So, after explaining the complexity and challenges of this problem, how exactly did a computer prove that Drarry is possible?

To begin with, we collected a sample of fanfiction that was all tagged with one of the following tags related to LGBTQ identity. These are all tags which are commonly used within the Harry Potter fandom and all of them provided enough material to analyze.

  • Asexual
  • Bisexual
  • Coming Out
  • Gay
  • Lesbian
  • LGBTQ Character
  • Nonbinary
  • Pansexual
  • Queer Character
  • Queer Themes
  • Sexuality Crisis
  • Trans Character

Six relationship tags were also included including 4 same-sex relationships as well as a relationship between two characters often talked about in the context of a queer relationship. These relationships are the most popular pairings, in terms of quantity of fictions including their tag, for each Male/Male, Female/Female, and Male/Female. This also allows for a contribution to theories about all members of the LGBTQ relationships in the context of relationships.

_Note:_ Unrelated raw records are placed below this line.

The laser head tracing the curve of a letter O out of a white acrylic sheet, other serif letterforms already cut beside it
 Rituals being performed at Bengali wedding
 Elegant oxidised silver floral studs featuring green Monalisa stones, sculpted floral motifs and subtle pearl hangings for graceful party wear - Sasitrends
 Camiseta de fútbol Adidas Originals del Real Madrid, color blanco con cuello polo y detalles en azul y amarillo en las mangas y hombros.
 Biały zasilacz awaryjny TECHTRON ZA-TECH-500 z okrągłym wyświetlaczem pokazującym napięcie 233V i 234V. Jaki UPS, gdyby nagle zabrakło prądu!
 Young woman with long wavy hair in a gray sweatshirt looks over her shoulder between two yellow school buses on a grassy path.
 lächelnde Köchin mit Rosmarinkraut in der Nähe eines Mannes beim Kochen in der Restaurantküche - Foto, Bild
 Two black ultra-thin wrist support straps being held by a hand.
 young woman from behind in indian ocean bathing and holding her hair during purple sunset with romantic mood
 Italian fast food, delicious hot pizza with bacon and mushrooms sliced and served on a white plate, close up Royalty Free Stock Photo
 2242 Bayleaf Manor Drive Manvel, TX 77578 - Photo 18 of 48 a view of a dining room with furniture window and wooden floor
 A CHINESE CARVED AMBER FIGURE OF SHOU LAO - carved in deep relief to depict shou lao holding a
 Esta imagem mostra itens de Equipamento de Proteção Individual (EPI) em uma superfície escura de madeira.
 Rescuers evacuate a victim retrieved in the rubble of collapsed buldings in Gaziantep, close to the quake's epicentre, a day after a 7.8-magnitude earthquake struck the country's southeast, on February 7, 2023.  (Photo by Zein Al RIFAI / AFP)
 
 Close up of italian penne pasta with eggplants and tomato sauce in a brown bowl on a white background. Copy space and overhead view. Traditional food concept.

  • Draco Malfoy/Harry Potter
  • James Potter/Lily Potter
  • Luna Lovegood/Ginny Weasley
  • Pansy Parkinson/Hermione Granger
  • Sirius Black/Remus Lupin
  • Ron Weasley/Hermoine Granger


After the tags were selected, the amount of fanfiction had to be narrowed. Each of these tags had thousands of pieces of fanfiction about it ranging in size from a 1,000-word single scene to ones far outstripping the first and second Harry Potter books at 76,944 and 85,141 words respectively. Therefore, the project was limited to one site, Archive of Our Own. This website is known for having well-written fanfiction as well as being a place with a strongly established Harry Potter Community and an expansive archive with very little limitation on usage. Even within this single archive, there was a large amount of work to sort through to narrow the search and allow for the best comparability.  Any fiction tagged as an “Alternate Universe” was eliminated as it could not fairly be compared to the original text. In addition, only completed works were included. Another layer of filtering was added when crossovers were eliminated. This means that any work tagged with multiple fandoms would be eliminated. For example, a story about Iron Man’s years at Hogwarts would not make the cut. In addition, the stories had to be in English, and they had to be tagged with the Harry Potter tag. This still left a fair amount of work, so a sample was taken. The top 30 fictions by positive reader reviews in the General, Teen, and Mature ratings were scraped. There were two scrapings completed, one of the tags, and one of the fiction itself. These were completed with a two-part Python-based scraper that was modified for this project. After the works were scraped into text files, the first part of the analysis began.  The first task was using metadata to determine which characters should be analyzed. This was done by taking each tag and performing a frequency program to get a table of tags and the number of times they appear in that category’s text. This was then compared to the overall times a tag appeared. This allowed for the identification of a character being mentioned frequently in a specific context as opposed to simply being mentioned frequently overall. The picture below is an example of what this table looks like for the Trans tag.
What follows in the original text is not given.